Bulls take a breather as European equities pare back gains.
Manages to hold above 1.1700 as the focus shifts to the US NFP data.
The EUR/USD pair failed to sustain at higher levels, now easing back towards the 1.17 handle, as the risk-on rally in the European equities stalled on the back of China’s retaliation to the US tariffs.
With the US-China trade war officially underway, markets turn jittery after the initial positive reaction, as they evaluate the impact of the tariffs war on the global economic outlook. This explains the consolidative mode seen in the US dollar across its main competitors, which keeps the upside capped in the spot.
Also, increased cautiousness ahead of the US payrolls data also keeps a lid on EUR/USD’s rebound.
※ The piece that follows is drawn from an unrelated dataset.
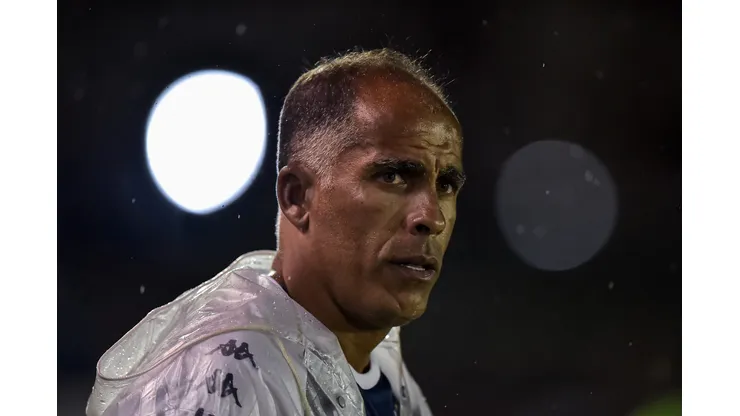Felipe Maestro durante partida entre Bangu e Botafogo no Carioca de 2023.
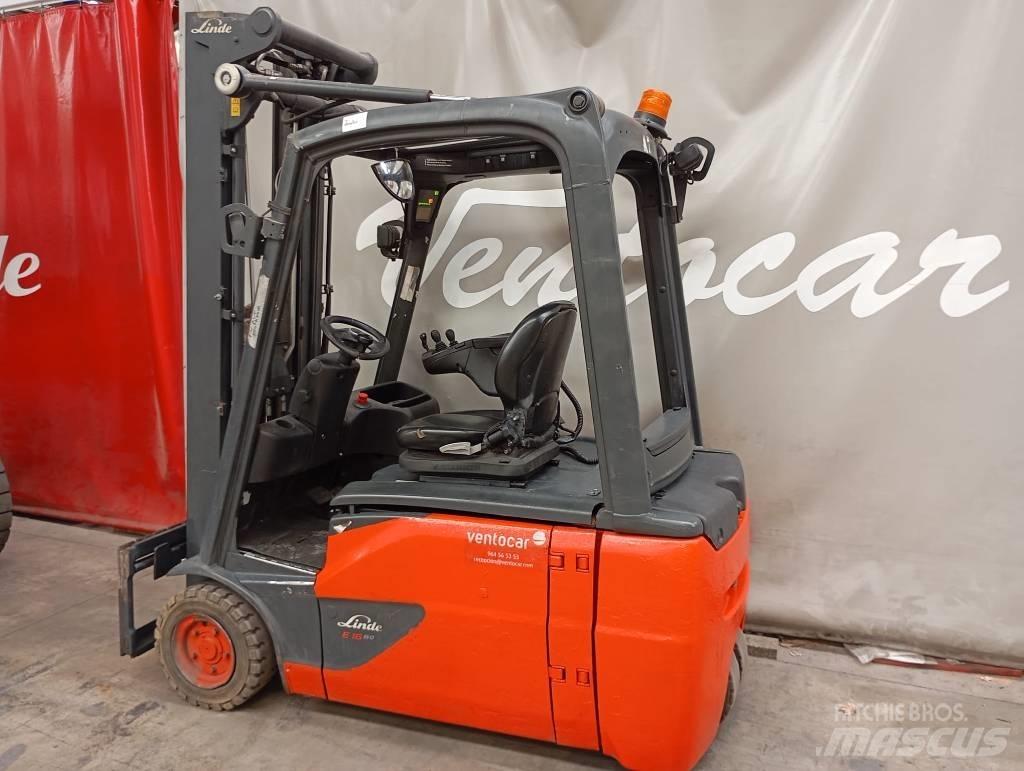 Linde E 16 Chariots élévateurs électriques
An upbeat US jobs report could offer the much-needed respite to the USD bulls, triggering a sell-off in the pair.
“The US economy is expected to have added 195K new jobs in June, the unemployment rate is seen at record lows of 3.8%, while as usual, wages are barely expected to show signs of life, up monthly basis 0.3% and by 2.8% YoY,” FXStreet’s Chief Analyst, Valeria Bednarik noted.
EUR/USD Technical Levels
According to Nenad Kerkez, Head of Technical Analysis and Trading at Elite CurrenSea, “The EUR/USD is showing higher highs and higher lows that indicates a bullish zigzag. The MACD is also positive, meaning we have a confluence of price and technical indicator. However, today is NFP with the Unemployment rate and Average Hourly Earnings data. This single event might be volatile as always, so we need to focus on breakouts. Above 1.1735 targets are 1762 and 1788 with a potential for 1.1820. However, a drop below 1.1670 should target 1.1653 and 1.1620 with a potential for 1.1575. The price action and direction is a very data dependent.”